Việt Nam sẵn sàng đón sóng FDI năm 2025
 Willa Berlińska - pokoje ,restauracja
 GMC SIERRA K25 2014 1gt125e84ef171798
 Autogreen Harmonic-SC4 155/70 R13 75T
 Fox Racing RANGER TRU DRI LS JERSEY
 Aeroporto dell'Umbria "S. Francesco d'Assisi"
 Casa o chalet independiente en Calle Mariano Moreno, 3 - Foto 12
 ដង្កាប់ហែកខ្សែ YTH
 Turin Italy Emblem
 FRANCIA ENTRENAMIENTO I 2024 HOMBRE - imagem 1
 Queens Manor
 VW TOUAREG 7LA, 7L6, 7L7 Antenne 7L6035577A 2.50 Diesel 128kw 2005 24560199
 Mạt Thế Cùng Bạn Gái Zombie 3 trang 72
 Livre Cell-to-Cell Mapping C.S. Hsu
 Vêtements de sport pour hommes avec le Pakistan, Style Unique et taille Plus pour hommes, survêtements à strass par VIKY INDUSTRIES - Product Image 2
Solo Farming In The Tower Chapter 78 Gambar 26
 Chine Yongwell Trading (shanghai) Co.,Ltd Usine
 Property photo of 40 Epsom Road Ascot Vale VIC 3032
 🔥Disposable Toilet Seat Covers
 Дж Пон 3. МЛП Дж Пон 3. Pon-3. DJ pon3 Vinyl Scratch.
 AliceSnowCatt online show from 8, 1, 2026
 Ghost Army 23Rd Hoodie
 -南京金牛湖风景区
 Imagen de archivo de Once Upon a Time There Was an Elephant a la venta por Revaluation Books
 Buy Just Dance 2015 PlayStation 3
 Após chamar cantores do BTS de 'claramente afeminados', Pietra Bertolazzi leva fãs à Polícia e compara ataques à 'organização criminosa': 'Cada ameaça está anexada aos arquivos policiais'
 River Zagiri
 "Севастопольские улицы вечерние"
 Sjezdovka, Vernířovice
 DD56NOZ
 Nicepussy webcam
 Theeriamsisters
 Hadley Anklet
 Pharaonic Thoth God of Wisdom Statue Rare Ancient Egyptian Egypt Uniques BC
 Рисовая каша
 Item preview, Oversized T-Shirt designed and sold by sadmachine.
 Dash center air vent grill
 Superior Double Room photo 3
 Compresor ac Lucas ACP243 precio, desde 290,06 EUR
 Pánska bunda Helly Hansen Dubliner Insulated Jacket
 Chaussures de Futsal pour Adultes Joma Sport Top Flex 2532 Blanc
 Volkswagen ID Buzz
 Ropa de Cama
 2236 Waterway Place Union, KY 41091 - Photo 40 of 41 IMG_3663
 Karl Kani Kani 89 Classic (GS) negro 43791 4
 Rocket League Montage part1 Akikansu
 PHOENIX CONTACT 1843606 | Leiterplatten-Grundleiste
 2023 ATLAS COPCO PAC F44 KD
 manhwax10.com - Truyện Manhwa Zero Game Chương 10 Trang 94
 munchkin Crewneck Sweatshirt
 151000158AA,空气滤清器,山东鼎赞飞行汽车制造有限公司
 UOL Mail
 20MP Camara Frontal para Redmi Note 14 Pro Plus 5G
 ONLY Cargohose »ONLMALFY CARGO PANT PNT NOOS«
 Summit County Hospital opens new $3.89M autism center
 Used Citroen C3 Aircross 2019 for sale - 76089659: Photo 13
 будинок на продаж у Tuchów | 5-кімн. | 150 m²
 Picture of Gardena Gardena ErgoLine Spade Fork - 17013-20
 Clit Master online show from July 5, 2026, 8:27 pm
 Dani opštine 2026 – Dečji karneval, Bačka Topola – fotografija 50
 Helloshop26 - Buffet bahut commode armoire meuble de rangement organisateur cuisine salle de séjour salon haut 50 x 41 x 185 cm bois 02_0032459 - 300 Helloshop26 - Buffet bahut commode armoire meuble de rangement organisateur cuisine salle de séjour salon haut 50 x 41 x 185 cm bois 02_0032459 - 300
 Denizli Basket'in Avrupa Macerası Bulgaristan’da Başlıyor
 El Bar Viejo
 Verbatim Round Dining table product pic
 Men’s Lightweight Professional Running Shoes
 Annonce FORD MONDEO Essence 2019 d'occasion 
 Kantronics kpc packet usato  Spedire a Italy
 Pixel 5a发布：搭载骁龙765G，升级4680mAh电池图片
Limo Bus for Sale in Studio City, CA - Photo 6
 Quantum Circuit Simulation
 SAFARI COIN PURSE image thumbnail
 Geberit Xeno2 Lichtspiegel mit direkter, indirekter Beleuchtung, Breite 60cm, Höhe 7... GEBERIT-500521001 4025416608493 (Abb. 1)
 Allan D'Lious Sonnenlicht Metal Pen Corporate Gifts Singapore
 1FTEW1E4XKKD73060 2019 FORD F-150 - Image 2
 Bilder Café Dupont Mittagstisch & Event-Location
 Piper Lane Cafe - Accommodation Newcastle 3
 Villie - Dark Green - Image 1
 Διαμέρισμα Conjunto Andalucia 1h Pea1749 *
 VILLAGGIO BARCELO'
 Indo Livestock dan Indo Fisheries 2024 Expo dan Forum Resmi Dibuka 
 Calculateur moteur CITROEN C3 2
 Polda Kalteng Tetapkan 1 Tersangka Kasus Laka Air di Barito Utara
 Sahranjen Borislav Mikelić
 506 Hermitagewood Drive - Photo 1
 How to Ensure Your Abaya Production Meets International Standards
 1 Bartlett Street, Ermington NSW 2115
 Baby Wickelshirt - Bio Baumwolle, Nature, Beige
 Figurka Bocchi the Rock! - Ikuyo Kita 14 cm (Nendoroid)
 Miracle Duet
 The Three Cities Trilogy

———

» Your objective: Look over the data above and show each line that contains "from".

» Written reply:
 AliceSnowCatt online show from 8, 1, 2026
 Clit Master online show from July 5, 2026, 8:27 pm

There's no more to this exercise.